ONNX (Open Neural Network Exchange) is a set of open-source libraries that helps represent machine learning models developed in various frameworks, along with runtimes to deploy your models. The biggest benefits of using ONNX over other formats for us are:

i) interoperability - we can use different ML frameworks (PyTorch, TensorFlow, SciKit-Learn) to develop our models, and convert them into a common format for deployment.

ii) inference performance - ONNX runtime optimizes for the best performance, regardless of the hardware being used.

iii) deployment flexibility - we can deploy the models on different hardware and cloud environments.

Why Azure ML?

The reason we chose Azure ML was simple—Azure offers a startup program that provided us with credits to train and deploy our models. This is especially valuable, as it allows us to focus on building the product and finding product–market fit a little longer, without immediately shifting our attention to fundraising. Other cloud providers offer similar programs, but Azure’s application process and eligibility criteria were by far the simplest. For any founders building in the cloud, I highly recommend applying to their startup program: https://learn.microsoft.com/en-us/microsoft-for-startups/

If you are not familiar with Azure ML, it is an end-to-end solution for all your Machine Learning training and operational needs. Think of it as a one-stop shop to store your datasets, train your models, version and register them, and run inference using those models on compute instances.

Implementation

➡️ All the code to train the model and deployment is available here: https://github.com/aspiris/azureml-onnx-demo. The src folder contains a Jupyter notebook with step-by-step instructions that can be run on a local machine or a cloud instance.

Model Training

In this post, we will train a simple model on the Iris dataset (https://archive.ics.uci.edu/dataset/53/iris). Once we have a trained model, the focus will be on the benefits of using ONNX and Azure ML for inference. In later posts, we will delve into more details of model training and MLOps with MLflow.

First, we create a virtual environment using conda, and configure the notebook to use this environment:

$ conda create --name azureml-onnx-demo
$ conda activate azureml-onnx-demo
$ conda install scikit-learn pandas numpy skl2onnx onnxruntime
$ conda list

ONNX provides converters to convert models from different frameworks to ONNX format. Here is the code to export the scikit-learn model to ONNX:

from skl2onnx import convert_sklearn
from skl2onnx.common.data_types import FloatTensorType

# Define the initial type based on the shape of training data
initial_type = [('float_input', FloatTensorType([None, X_train.shape[1]]))]

# Convert the scikit-learn model to ONNX
onnx_model = convert_sklearn(model, initial_types=initial_type)

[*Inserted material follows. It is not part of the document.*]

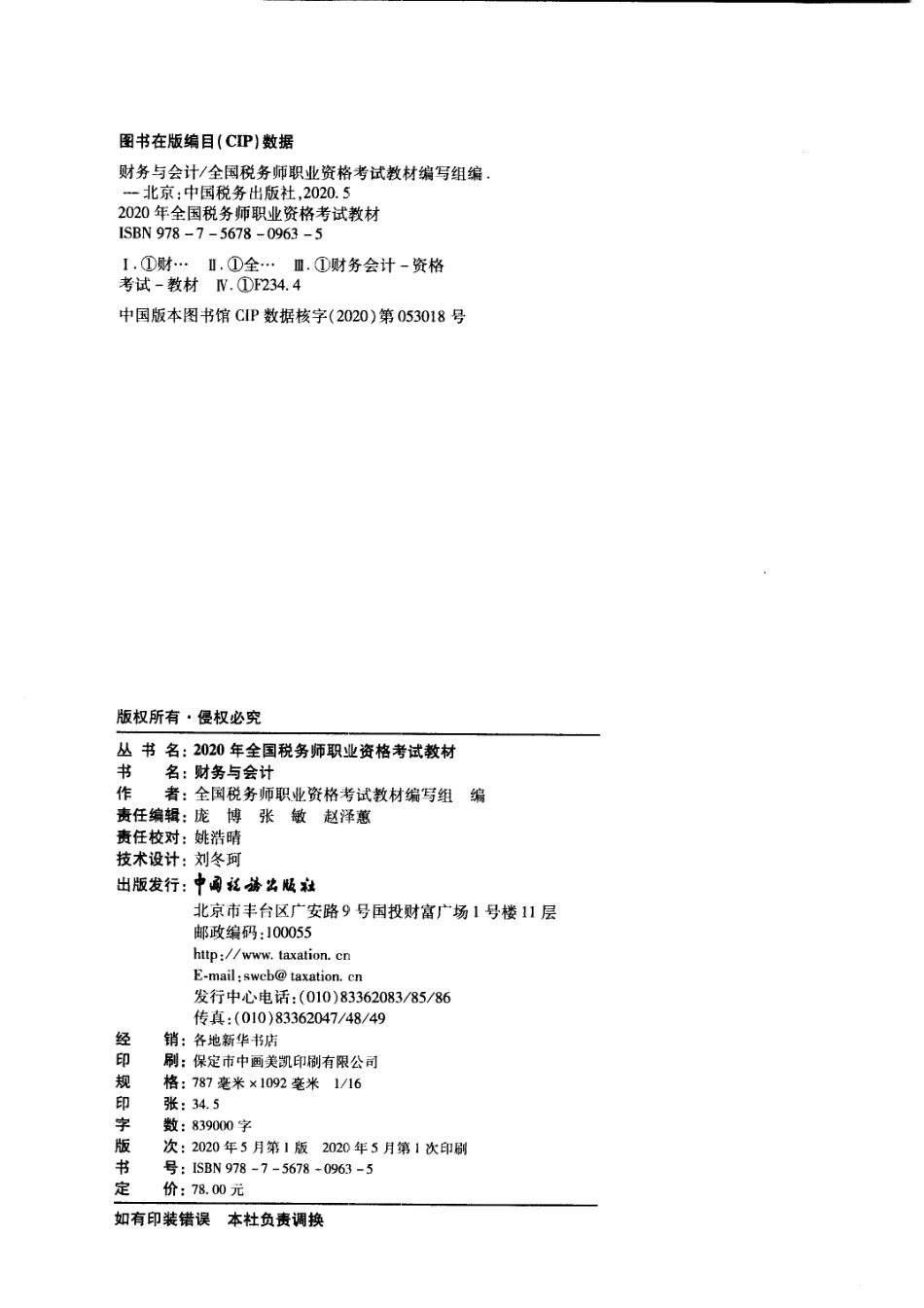 2020财务与会计官方教材电子版.pdf_第2页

# Save the ONNX model to a file
with open("iris_rf_model.onnx", "wb") as f:
	f.write(onnx_model.SerializeToString())

print("Model exported to iris_rf_model.onnx")

Note that we used convert_sklearn and provided information about the input type (number of features), but we can also use to_onnx which infers the type:

to_onnx(model, X[:1])

Once exported, we can visualize the model’s graph through tools like netron. Here is what the RandomForestClassifier looks like:

Deployment on Azure ML

The starting point for our deployment is setting up an Azure ML workspace, which is the top-level container for all Machine Learning assets related to a project. The workspace will host our models and deployments. We can create it through the Azure portal, CLI, or the Python SDK.

Registering the Model

Once a workspace is created, we can register the model to it so that it can be used for inference. Registering a model creates a version of it in the workspace. We can have multiple versions of the same model (for example, after further tuning or experimenting) and can serve them in a blue-green deployment.

For Python SDK, we install these packages in the environment:

$ conda install azure-ai-ml azure-identity

from azure.ai.ml.entities import Model

model = Model(
    path="iris_rf_model.onnx",
    name="iris-rf-onnx",
    description="Random Forest model trained on Iris dataset (ONNX format)",
    type="custom_model",
)

registered_model = ml_client.models.create_or_update(model)

print(f"Registered model: {registered_model.name}, version: {registered_model.version}")

Once the model is registered with the workspace, it can be referred to in our deployment by name: azureml:iris-rf-onnx:1. More on this later.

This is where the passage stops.